Interpreting Biblical Apocalyptic (23): Detecting Apocalyptic Sequences

Before we take up the analysis of Revelation 12, I would like to lay out some principles for detecting apocalyptic sequencing in the symbolic visions of the Apocalypse. It is not appropriate to force a chapter into the historicist mode if that was not the intention of the text. We must allow the characteristics and purposes of each text to emerge out of the text. Only then can we accurately determine whether the chapter is a historical apocalypse or not.

Textual Markers
A significant indicator of an apocalyptic historical sequence is the presence of terms and developments in a text that indicate the successive passage of time. A major reason that the Daniel and Revelation Committee, for example, saw the trumpets as more apocalyptic than the seals was the presence of significant textual markers that time was passing as you moved through the trumpets, while such textual markers are completely missing in the seals.

The seven trumpets (Rev 8:2-11:18), for one thing, contain a number of time periods. There is a period of five months (Rev 9:5,10), a period of forty-two months (Rev 11:2), a period of 1260 days (11:3) and a period of three and a half days (11:9,11). No such periods of time are found anywhere within the seven seals (Rev 4:1-8:1), with the exception of the half-hour at the close. The sequential nature of the trumpets is strongly confirmed by the woe series after the fourth (Rev 8:13). The first woe (fifth trumpet) ends before the second begins (9:12) and the second (sixth trumpet) ends before the third (seventh trumpet) begins (11:14). Trumpets five, six, and seven, therefore, not only occur as a sequence of time, each is completed before the next begins. This is a strong parallel to the apocalyptic sequences of Daniel. One further marker of the passage of time in the trumpets is found in Rev 10:7. There the blowing of the seventh trumpet immediately follows the completion of God’s mystery, which is defined as the preaching of the gospel through God’s servants the prophets. The textual markers in the seventh trumpet, therefore, strongly suggest that the vision of the seven trumpets is to be interpreted as an apocalyptic sequence of historical events. Further research also indicates that the trumpets run from NT times (the time of the human author) to the end of time.

Character Introduction
Another significant indicator of the passage of time in Revelation is the literary strategy we could call character introduction. Consistently throughout the book, the author of Revelation introduces characters in general terms before describing their actions at the time of the vision. In other words, when a character appears in the book for the first time, there is a general description of the character’s appearance, and often a number of prior actions (and occasionally even future actions), followed by a description of the actions the character takes in the context of the vision’s own time and place setting. These character introduction passages normally offer clear markers of sequence.

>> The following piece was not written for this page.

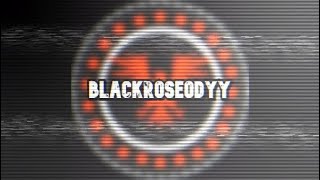 BlackRoseMilitary1 [BRM1]    V   [DGPM]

When Jesus is introduced to John in chapter 1, the historical setting is John’s location on the Island of Patmos (Rev 1:9). John then goes into vision and sees one like a son of man. This is the first appearance of Jesus in the book, although He and His works are mentioned earlier (1:1,4-7). While this passage (Rev 1:9-3:22) has few other characteristics of an apocalyptic prophecy, there is a clear movement in time taking place as you work through the passage. John first hears Jesus’ voice sounding like a trumpet (1:9-11), then he sees and describes Him (1:12-16), then he experiences His comforting and explanatory words (1:17-20), finally he hears His messages to the seven churches (2:1-3:22).

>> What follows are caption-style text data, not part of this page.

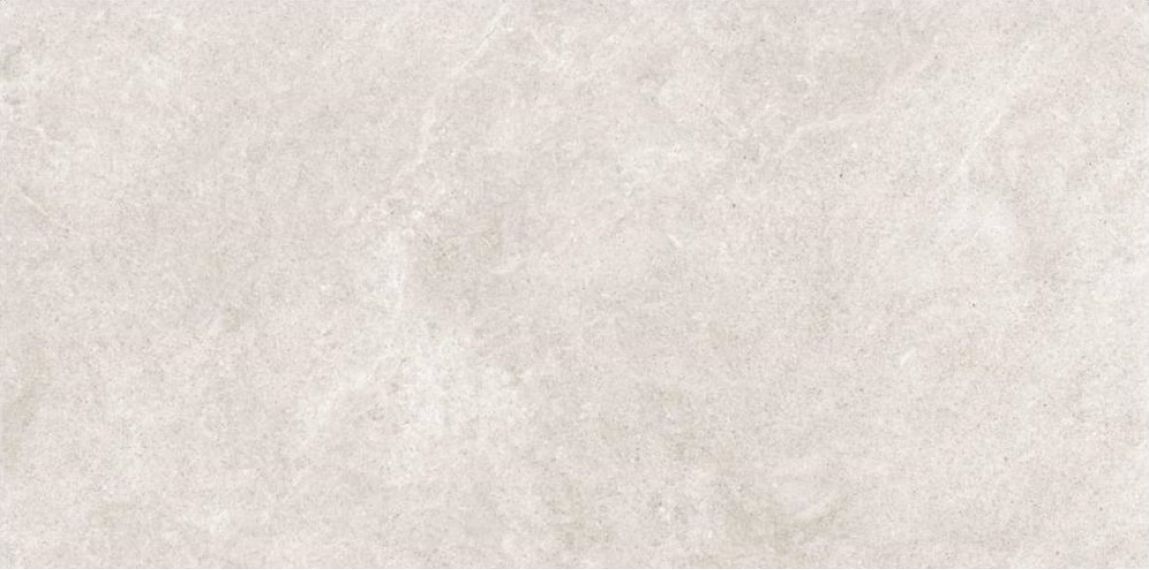 44RL49R Arles Blanco 60x120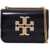 Tory Burch Small Eleanor Crossbody Bag BLACK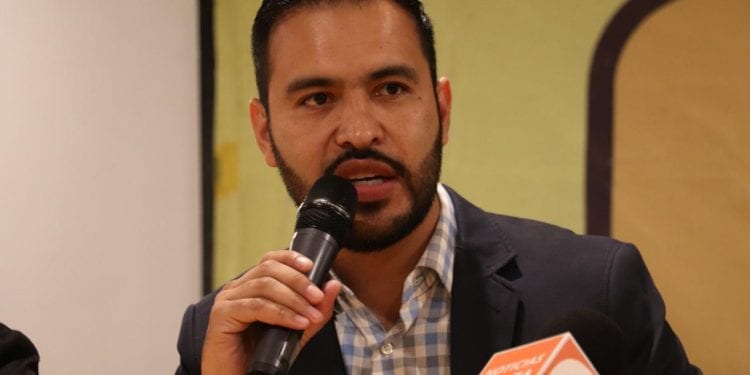 PRD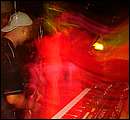 DSCF2884.jpg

A similar thing happens in chapter 11. The visionary setting of the two witnesses passage is Rev 10:8-11, where a voice out of heaven and the angel of the previous vision (Rev 10:1-7) engage John in a prophetic action (10:8-10), followed by an explanation. As we have seen from our study of Daniel 2 and 7, explanations come to the prophet in terms of his own time and place. Since John continues to be engaged (Rev 11:1-2) and addressed (11:3ff.) in Revelation 11, the standpoint from which John experiences chapter 11 is his own. It is not surprising, therefore, that the major time markers of 42 months and 1260 days are expressed in the future tense (Rev 11:2; Rev 11:3. These periods of time were future from the perspective of John.

The two witnesses themselves are introduced with a description of their appearance and an overall description of their characteristics and their actions in the present (11:4-6) and in the future tense (11:3). These present and future tenses are to be understood from the perspective of an explanation to John in terms of his own time and place. The entire character introduction passage (11:3-6), the elements in future tense (3) as well as those in present tense (4-6), occurs prior to the visionary description that follows (11:7-13).

The following time sequence, therefore, is evident in Rev 10:8-11:12. John is engaged and addressed by a voice from heaven and a visionary angel in his time and place. He then measures the temple, which is to be trampled for 42 months in John’s future, presumably the same period as the 1260 days of 11:3. Then the two witnesses are introduced. Whoever they are, they clearly exist in John’s day (present tenses) and have an ongoing existence. At some future point from John’s perspective, the two witnesses pass through a 1260 day period of testimony. It is only after that period of testimony that the martyrdom of these witnesses and their resurrection is to occur.